Dreams and Wishes for HPC in 2026

At the start of 2025 I avoided the temptation to write my predictions for HPC and instead chose to write what my own hopes for 2025 were. A year on, it’s time to revisit that. What moved, what didn’t and what have I changed my mind on.

Dreams and Wishes for HPC in 2026
Dreams and Wishes for HPC in 2025
A contrarian look at what I hope will be forthcoming for HPC in 2025 rather than any real predictions.

As per last year, I’m not going to be drawn into the trap of imagining I have any special insight that you don’t and calling these predictions. They are merely what I would love to see in terms of evolution of the industry and based on the problems we see working with our clients. The gap between the art of the possible and the vision of what could be.

I think it’s no longer possible to talk about HPC without also talking about AI. At the very least the parts of AI that overlap with HPC, though to be honest it tends to be difficult to isolate it to that. This is both good and bad. Its good because it has increased the visibility and demand for HPC in a way that nothing else ever has. Even if that often takes the form of not recognising what is being demanded is in fact HPC. To the extent that AI, whether that is training or inference, is just another HPC workload (despite the AI bros protestations otherwise) I think it needs to be a part of the HPC conversation.
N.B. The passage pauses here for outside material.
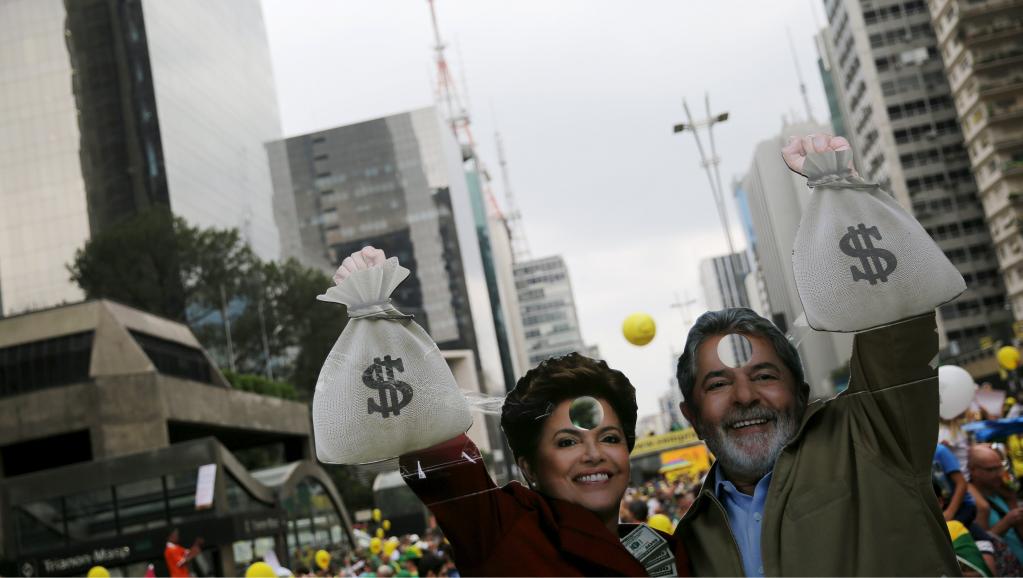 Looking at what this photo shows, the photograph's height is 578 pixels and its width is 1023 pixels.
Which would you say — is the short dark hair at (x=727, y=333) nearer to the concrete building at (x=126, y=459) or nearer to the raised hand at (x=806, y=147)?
the raised hand at (x=806, y=147)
I think we are also seeing a slow acknowledgement from the AI industry that there is experience and expertise in the HPC community that is required to solve the problems that AI has today. Namely utilisation and cost optimisation.

Breaking out of its Niche

I think HPC is still very much stuck in its little cubby hole. Despite the huge prevalence of AI. Despite all the talk about poor utilisation levels. Despite more and more systems running at large scale.
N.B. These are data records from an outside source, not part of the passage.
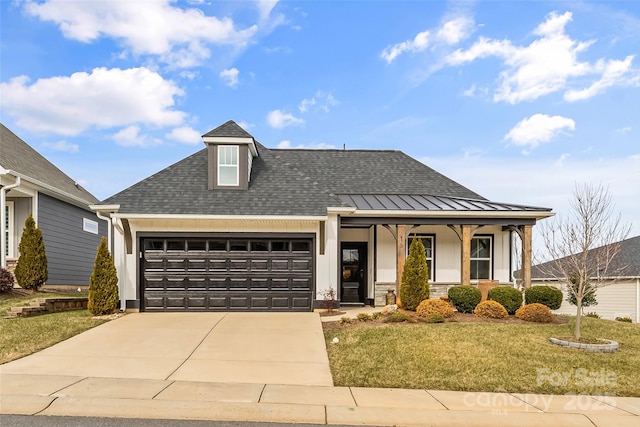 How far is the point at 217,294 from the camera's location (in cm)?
1328

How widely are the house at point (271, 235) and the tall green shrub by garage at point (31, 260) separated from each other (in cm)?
386

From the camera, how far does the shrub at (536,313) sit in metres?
11.9

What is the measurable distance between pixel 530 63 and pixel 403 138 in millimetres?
6900

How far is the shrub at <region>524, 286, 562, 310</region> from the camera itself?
13.0 meters

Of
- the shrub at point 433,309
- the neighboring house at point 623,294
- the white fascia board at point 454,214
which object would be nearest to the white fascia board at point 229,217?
the white fascia board at point 454,214

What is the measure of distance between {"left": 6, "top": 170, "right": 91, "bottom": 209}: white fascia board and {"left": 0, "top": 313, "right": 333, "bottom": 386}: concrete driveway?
7661 mm

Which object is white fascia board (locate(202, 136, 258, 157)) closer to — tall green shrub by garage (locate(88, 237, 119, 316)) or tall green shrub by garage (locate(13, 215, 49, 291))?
tall green shrub by garage (locate(88, 237, 119, 316))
I think the problem here is that HPC is a very broad niche (I’ve talked about this before). Many of the problems that need to be solved within other areas are often not seen as HPC because they either don’t sit under the classical HPC umbrella of usages or people don’t want to associate with “old” technology.

Either way, AI’s fundamental problem of being power constrained hasn’t shifted, and if anything, the lack of sensible utilisation levels has only been highlighted further in 2025. While I’m hopeful that events such as Nvidia’s acquisition of SchedMD provides a signal that HPC expertise at least if not products will become more highly valued.
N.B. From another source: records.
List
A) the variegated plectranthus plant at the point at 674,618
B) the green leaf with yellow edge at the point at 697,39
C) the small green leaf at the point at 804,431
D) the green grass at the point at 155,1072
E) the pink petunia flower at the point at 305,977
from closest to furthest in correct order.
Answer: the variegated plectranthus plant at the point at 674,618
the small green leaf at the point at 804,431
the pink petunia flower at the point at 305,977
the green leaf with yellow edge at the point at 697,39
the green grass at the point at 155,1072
Stop Reinventing the Wheel

Somewhat in line with the above, I do wonder if we’ll see Nvidia build on Slurm (as well as no doubt integrate it within its control plane offering).

Last year we worked on a tool to help select a HPC scheduler. One of the things that struck me was quite how many schedulers there are. Far more than I had imagined but also many that are relatively new and under active development. A far cry from the perception of 30year old tech.

Choice is great. They serve difference purposes. That’s fine. But the cloud/ distributed-computing community converging on Kubernetes as a solution served to further the industry as a whole much faster than multiple competing and fragmented products ever could have. Even if K8 is not the right solution for many.

Sadly, my gut feel is that even though Slurm is the dominant scheduler and is now owned by a company with market cap bigger than the GDP of most of the world, we still won’t see that happen.

The features such a scheduler would require in order to drive mass adoption, while they may be forthcoming, will likely be limited to Nvidia hardware. 

I keep promising (and failing) to write a piece on what we need to see in a true next generation scheduler. It’s coming real soon. With a twist and a crazy experiment. Watch this space! (For the un-initiated, that means hit subscribe).

Go From It Kind of Works to It Just Works

Yea… we’re still a long way from this. If anything, we’re getting further away. Increased hardware diversity is great but the software to hide if from the people that just want to science, finance or AI isn’t keeping pace. More on that below.

Explode the Monolith

This is another area that hasn’t moved the needle much. We tried but ran out of money and time for 2025 but will continue this year. IYKYK.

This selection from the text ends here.